-------- Available data --------

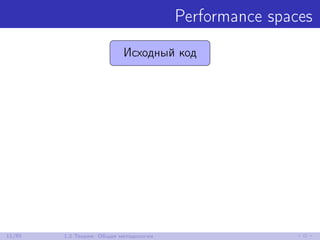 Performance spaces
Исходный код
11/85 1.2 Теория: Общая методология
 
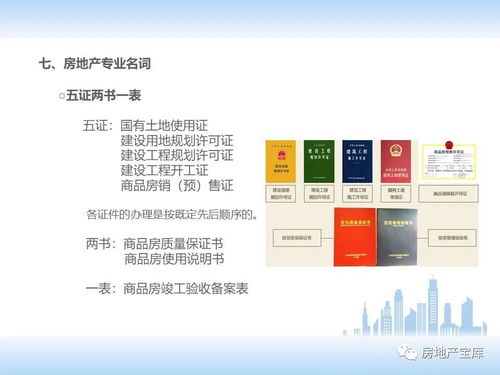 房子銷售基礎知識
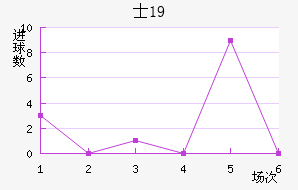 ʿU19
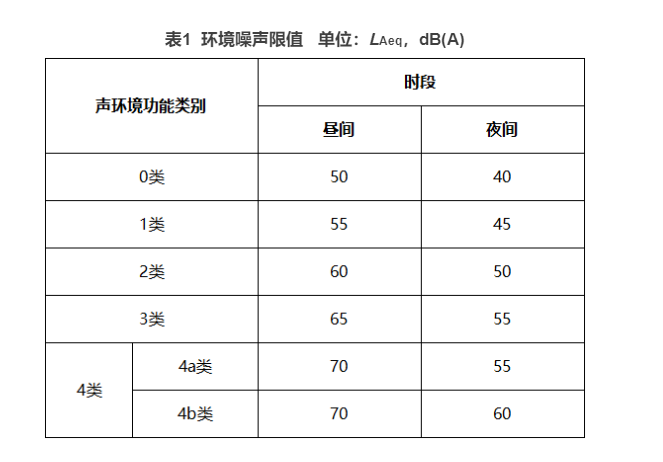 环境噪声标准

--------
-------- Available data --------

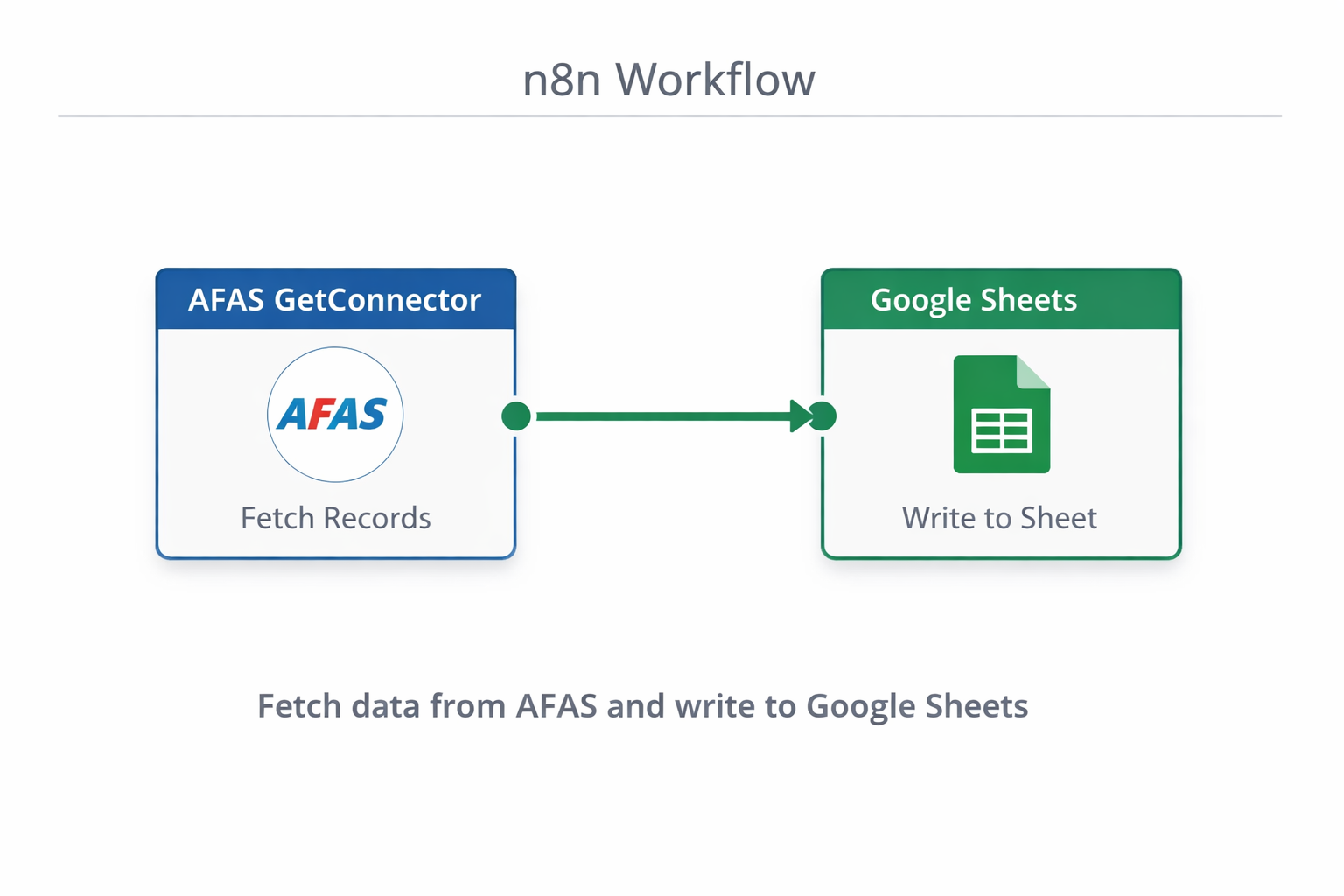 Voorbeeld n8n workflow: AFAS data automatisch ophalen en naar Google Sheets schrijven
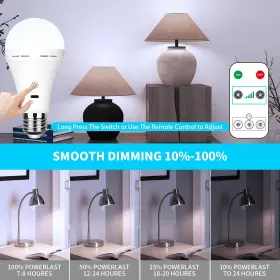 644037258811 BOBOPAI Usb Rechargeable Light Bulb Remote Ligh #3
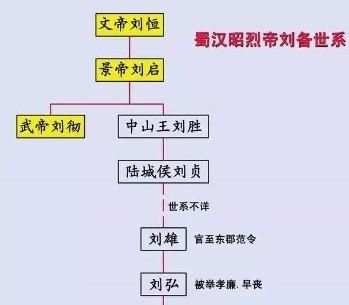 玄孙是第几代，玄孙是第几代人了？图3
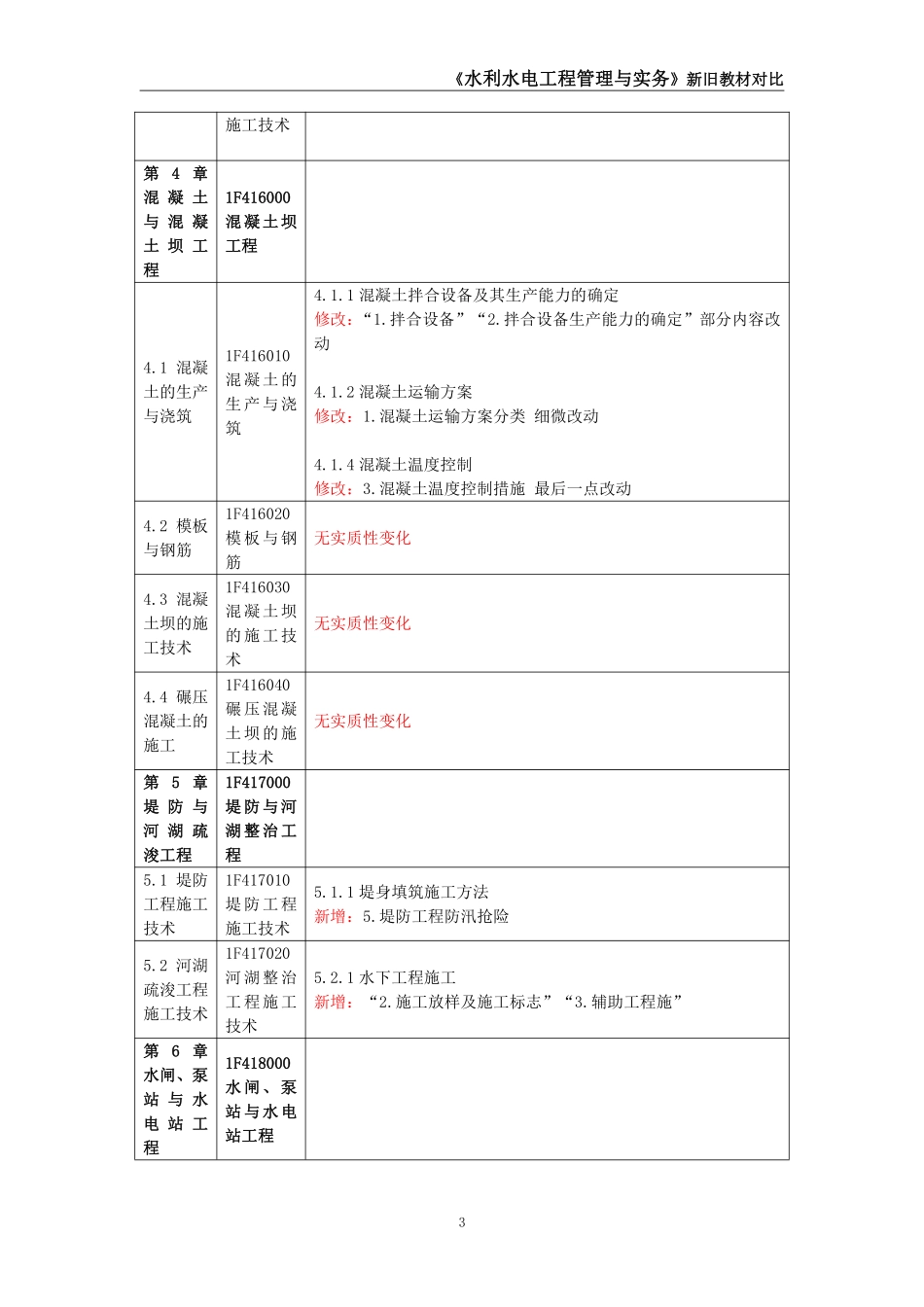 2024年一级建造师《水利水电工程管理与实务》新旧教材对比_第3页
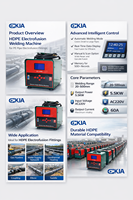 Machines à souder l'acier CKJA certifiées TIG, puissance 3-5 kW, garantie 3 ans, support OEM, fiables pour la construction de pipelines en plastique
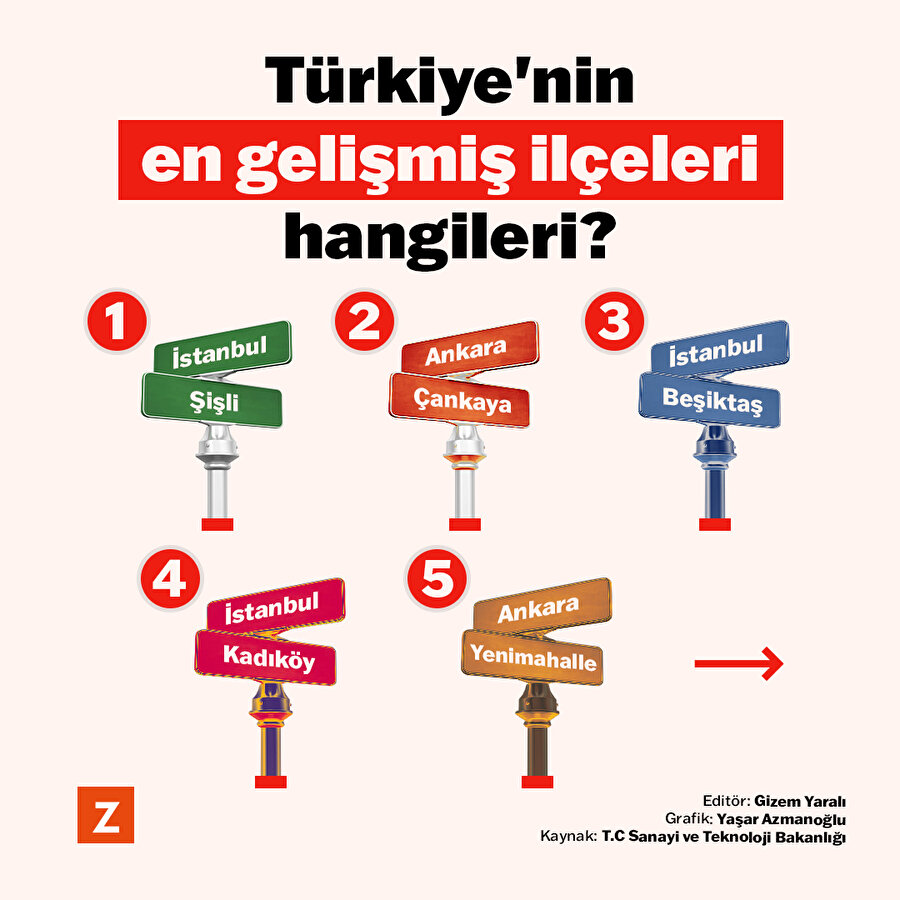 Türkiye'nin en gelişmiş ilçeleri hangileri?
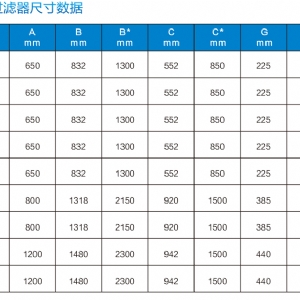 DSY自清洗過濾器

--------

Only one stretch of the data is wanted: write out exactly the lines from the one holding "644037258811 BOBOPAI Usb" through the one holding "Türkiye'nin en gelişmiş ilçeleri hangileri?", both included, without the pictures.

 644037258811 BOBOPAI Usb Rechargeable Light Bulb Remote Ligh #3
 玄孙是第几代，玄孙是第几代人了？图3
 2024年一级建造师《水利水电工程管理与实务》新旧教材对比_第3页
 Machines à souder l'acier CKJA certifiées TIG, puissance 3-5 kW, garantie 3 ans, support OEM, fiables pour la construction de pipelines en plastique
 Türkiye'nin en gelişmiş ilçeleri hangileri?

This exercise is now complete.